Canadian philosopher Jordan Peterson's remarks on what produces school shooters on Tucker Carlson last night are so worth hearing that I am simply going to post the Youtube link to the interview and urge you to listen to it.
I haven't been caught up in the Jordan Peterson craze, but last night Peterson addressed aspects of the shootings that are too often missed or left unsaid. Key among these is what Peterson called the "nihilism" that affects school shooters.
Peterson said that school shooters turn to these kinds of rampages "because they are nihilistic and desperate" and otherwise their lives "don't have a purpose." As a society, Peterson said, we "need to take philosophical and religious issues more seriously."
Carlson asked why the shooters are always young men and pointed out that some critics attribute this to "toxic masculinity." Peterson said the unspeakable: boys are different from girls. But it is wrong to "smear the idea of masculinity by confusing competence with tyranny." He called this "a pathological way of looking at the world."

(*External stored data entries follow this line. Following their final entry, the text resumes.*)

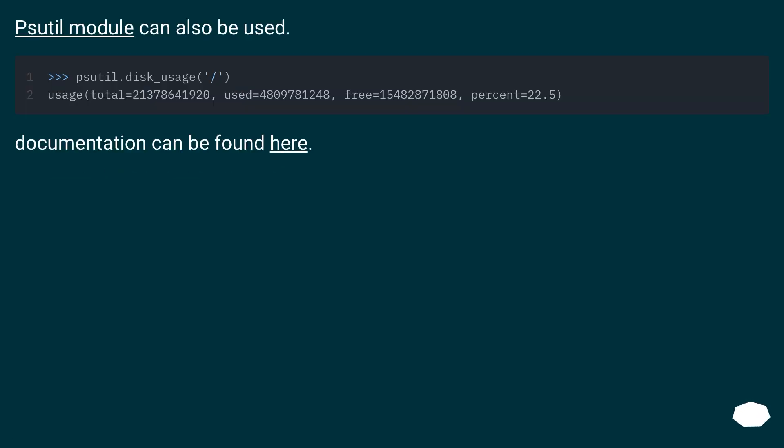Shutil module can also be used. Documentation can be found here.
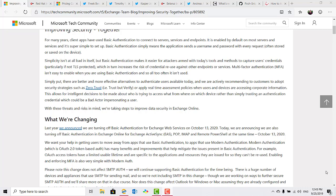The date set for depreciation is October 13, 2020 and is usually the case with Microsoft. I guess we'll see in this case, but usually depreciation doesn't mean it's just being turned off right away.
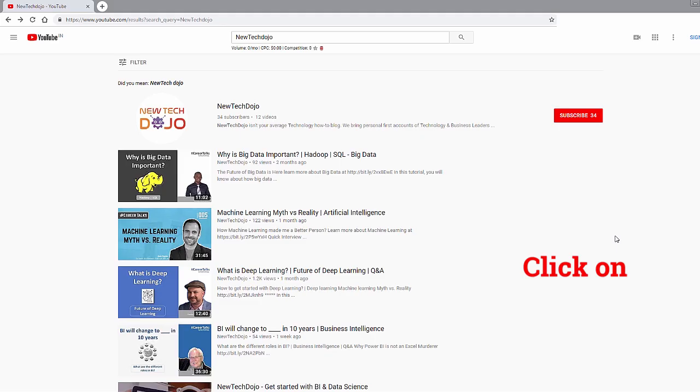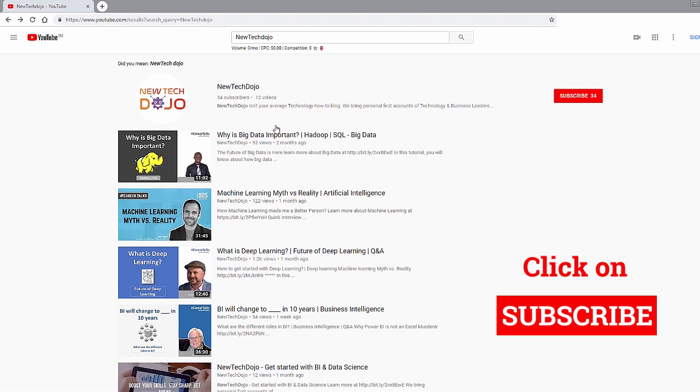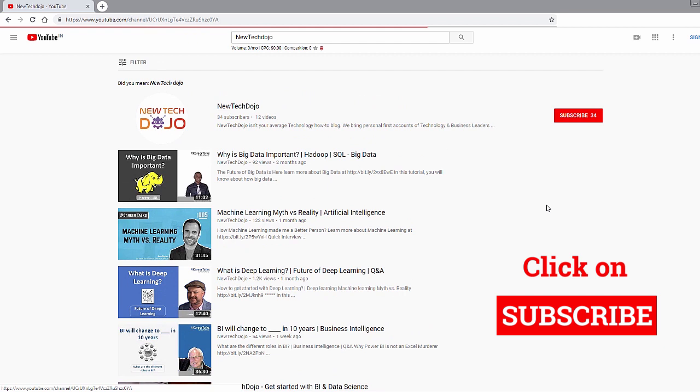Thank you so much for your time, Jason — really appreciate it. Glad to have had a chance to chat. Have you got a chance to check our YouTube channel, New Tech Dojo? Yeah, I got a chance to watch a couple of videos before I responded. I think it's great what you're doing — I'm happy to be a part of it. And in the future, if you want to cover another area, please feel free to reach out to me. Thank you so much, Jason. Have a good one, bye-bye.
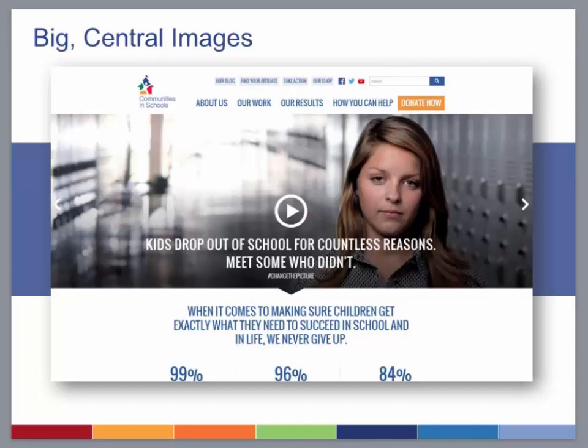Brian: The way I've seen it used effectively is for a particular event, fundraising campaign, or something you really want highlighted. If it's a more informational, utilitarian site where many different things bring people there, it's less effective. But if you have an annual campaign or a community outreach event you really want to focus on, a big image can be a strong presentation style.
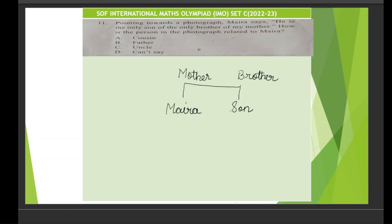Let's solve question number 11. Question number 11 says: pointing towards a photograph, Myra says, 'He is the only son of the only brother of my mother.' How is the person in the photograph related to Myra? So this is Myra, this is Myra's mother, and her mother has got only one brother, and that brother has got a son.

Peterson also raised an issue I find troubling: the massive coverage of these shootings. Having been a reporter, I balk at the idea of censorship, by the state or by the reporter who withholds information she feels the public can't handle. However, Peterson said that printing the names of these school shooters is problematic because "they keep track of each other and there is a competitive element" and for these antisocial young men "notoriety is better than being ignored."
I urge–no, beg–you to listen to this interview. Peterson says things that are so sane but that we are not hearing in the current debate.
Meanwhile, Suzanne Venker has a piece on how fatherlessness and the breakdown of the family are affecting boys. None of this, I hasten to add, reduces the culpability of an antisocial shooter–but these shootings should nevertheless make us think about some changes in our society that may help create an environment for these massacres.